From ced50e076ffd7d4cf02dfa4a21e4bab1643d65cd Mon Sep 17 00:00:00 2001
From: dhruviyer <iyer.dhruv99@gmail.com>
Date: Thu, 9 Jan 2025 23:49:18 -0800
Subject: [PATCH 04/10] cleaning up for code review

---
 examples/op_examples/filter.py  | 4 ++--
 lotus/sem_ops/postprocessors.py | 4 ++--
 2 files changed, 4 insertions(+), 4 deletions(-)

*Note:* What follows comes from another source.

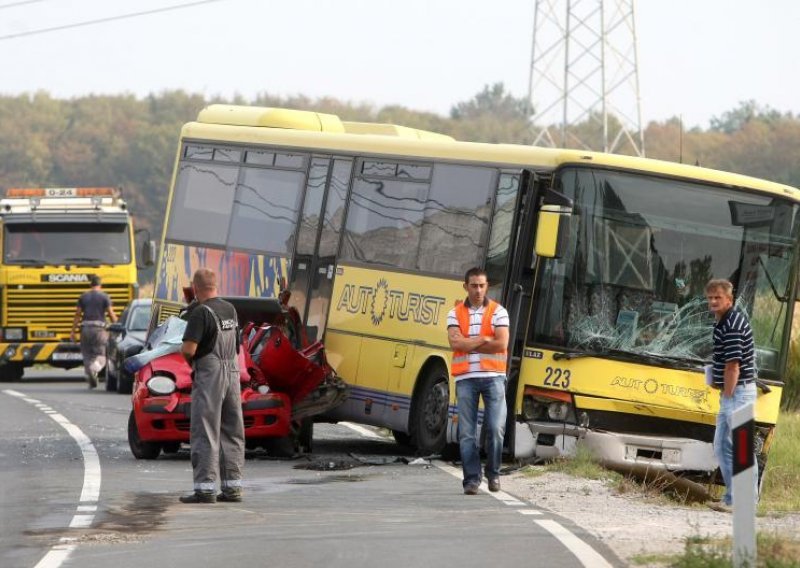 Jedna osoba poginula u sudaru autobusa i automobila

diff --git a/examples/op_examples/filter.py b/examples/op_examples/filter.py
index ebc17088..f20aa593 100644
--- a/examples/op_examples/filter.py
+++ b/examples/op_examples/filter.py
@@ -6,7 +6,7 @@
 lm = LM(model="gpt-4o-mini")
 
 lotus.settings.configure(lm=lm)
-lotus.logger.setLevel("DEBUG")
+
 data = {
     "Course Name": [
         "Probability and Random Processes",
@@ -17,5 +17,5 @@
 }
 df = pd.DataFrame(data)
 user_instruction = "{Course Name} requires a lot of math"
-df = df.sem_filter(user_instruction, strategy="")
+df = df.sem_filter(user_instruction)
 print(df)
diff --git a/lotus/sem_ops/postprocessors.py b/lotus/sem_ops/postprocessors.py
index 8bec4180..70baedfd 100644
--- a/lotus/sem_ops/postprocessors.py
+++ b/lotus/sem_ops/postprocessors.py
@@ -16,8 +16,8 @@ def cot_postprocessor(llm_answers: list[str]):
 
         try:
             root = ET.fromstring(f"<root>{llm_answer}</root>")
-            reasoning = root.find(".//Reasoning")  # Use XPath to find nested tags
-            answer = root.find(".//Answer")  # Use XPath to find nested tags
+            reasoning = root.find(".//Reasoning")
+            answer = root.find(".//Answer")
 
             if answer is not None and answer.text:
                 answer = answer.text.strip()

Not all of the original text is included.